In my talk (see video above) I asked where the “promises of science” could be found in a framework for understanding twentieth-century science that I developed in a book, an overview history of the subject, published in 2012. In that book I introduced the concept of “working worlds”, arenas of human projects that generate problems. It was my argument that the sciences solve the problems of “working worlds”, and also draw inspiration from them in other ways. Four prominent examples of working worlds that shaped the sciences in the modern world have been: the construction and maintenance of technological systems, care of the human body in sickness and health, civil administration, and the mobilization and maintenance of military forces. There’s a common pattern to the way that working worlds relate to the sciences. Typically it starts with the articulation of problems. Sciences often promise solutions, but do so in a distinctive way. More often than not, a simplified “representative” of the working world is built, one that is manipulable with the tools of science. So, for example, civil administration faces many problems with knowing the movement and location of people. These are not problems that can be solved immediately and directly. Instead a simplified representative is built, such as a database of census records, on which scientific techniques – of statistical manipulation for example – can be applied. The result, a return on the promise of investing in quantitative social science in this case, are solutions offered in terms of knowledge of the population.

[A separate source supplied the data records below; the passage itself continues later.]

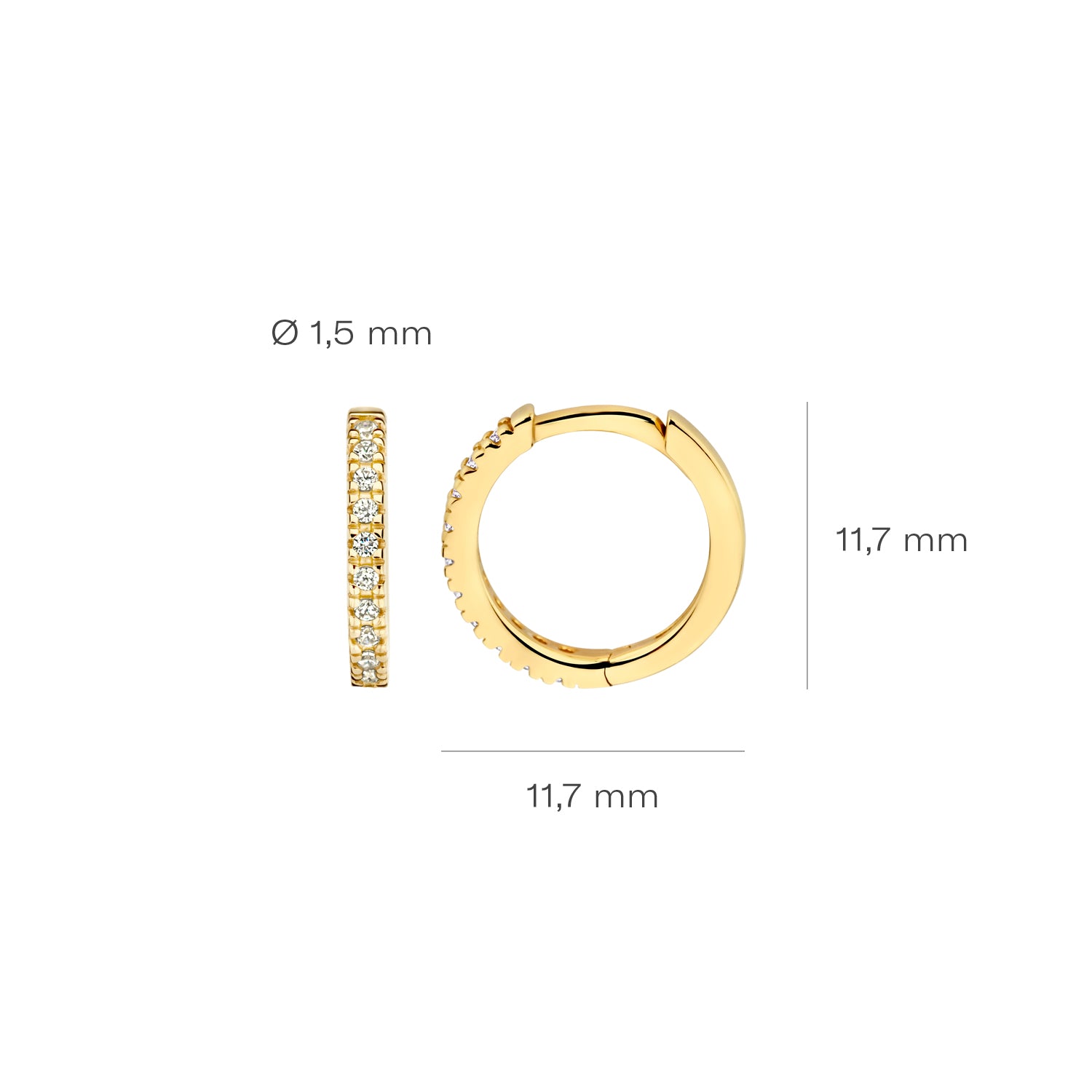 Blush Oorringen 7307YZI - Geel Goud (14k) met Zirkonia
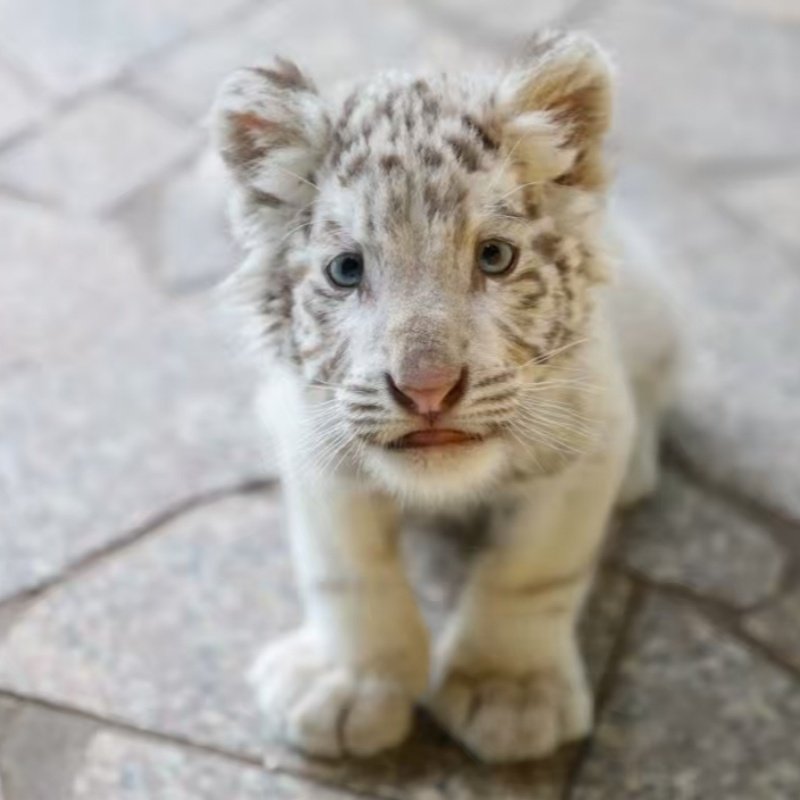 可定制旅行东方明珠广播电视塔+上海市区品牌酒店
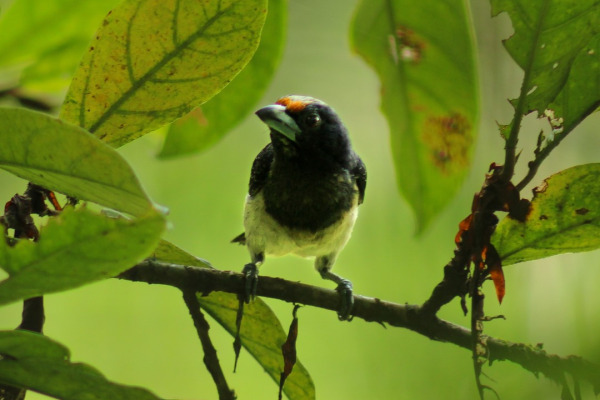 Golden-collared Barbet
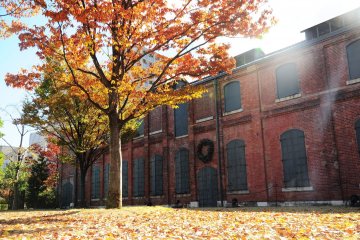 <p>Reddish color of the tree complementing the &quot;Red Brick Building&quot;</p>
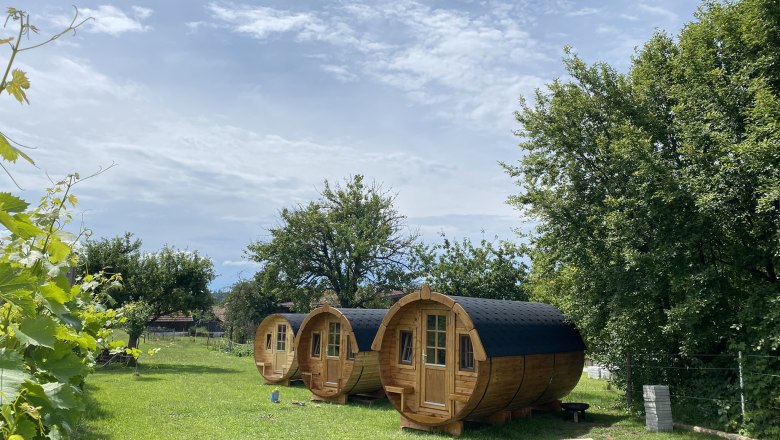 ANDRELLA-HOF by day, © Andreas Artner ANDRELLA-HOF by day, © Andreas Artner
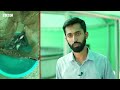 biofloc fish farming technology that requires minimal land but doubles the profit bbc urdu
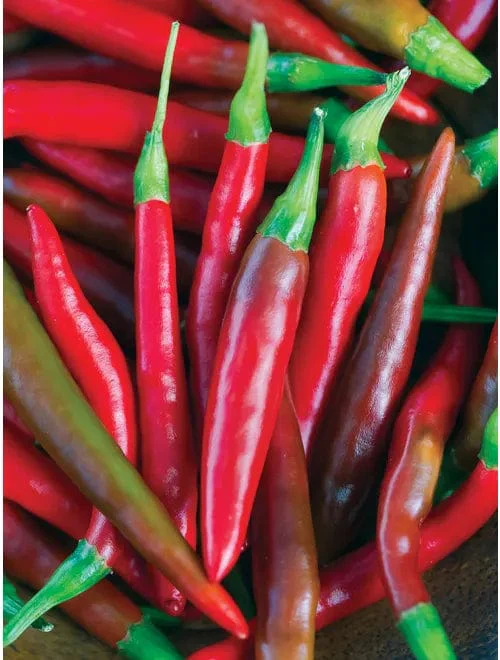 Pepper Big Thai Hybrid - Burpee Seeds - Image 2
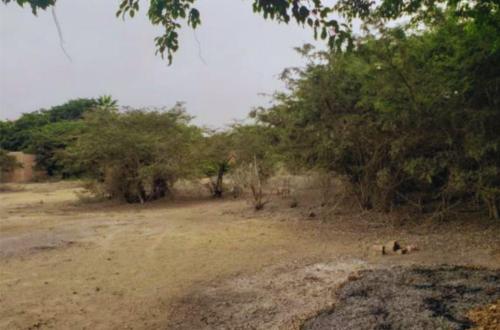 Terreno en Venta ubicado en Panamericana Sur 90 Terreno en Venta ubicado en Panamericana Sur 90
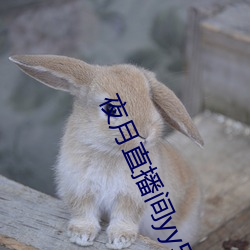九游会登录j9入口 - 中国官方网站 | 真人游戏第一品牌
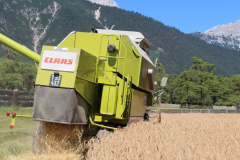 Getreide für eine gesunde Milch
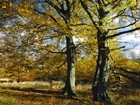 Protecting England’s trees: new opportunities in the Tree Health Pilot Scheme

I argued in my talk that “promises” can be, and often were, key components of working worlds, but also noted that since problems offered and solutions delivered are not constitutive alone of a promise (a promise requires an exchange between the same actors and an obligation), there were ways in which we might want to be careful in applying the term. Furthermore, the extent to which working worlds are promissory has noticeably varied according to patterns of institutionalisation: we, in the innovation systems of industrialised societies, much more likely to tie the promises of science to specific claims about its contribution to economic performance, say, rather than as a broader public or cultural good. There has been (certainly in the UK, but also elsewhere), a turn to a more contractual relationship since the 1970s, that has both encouraged but also narrowed promissory language.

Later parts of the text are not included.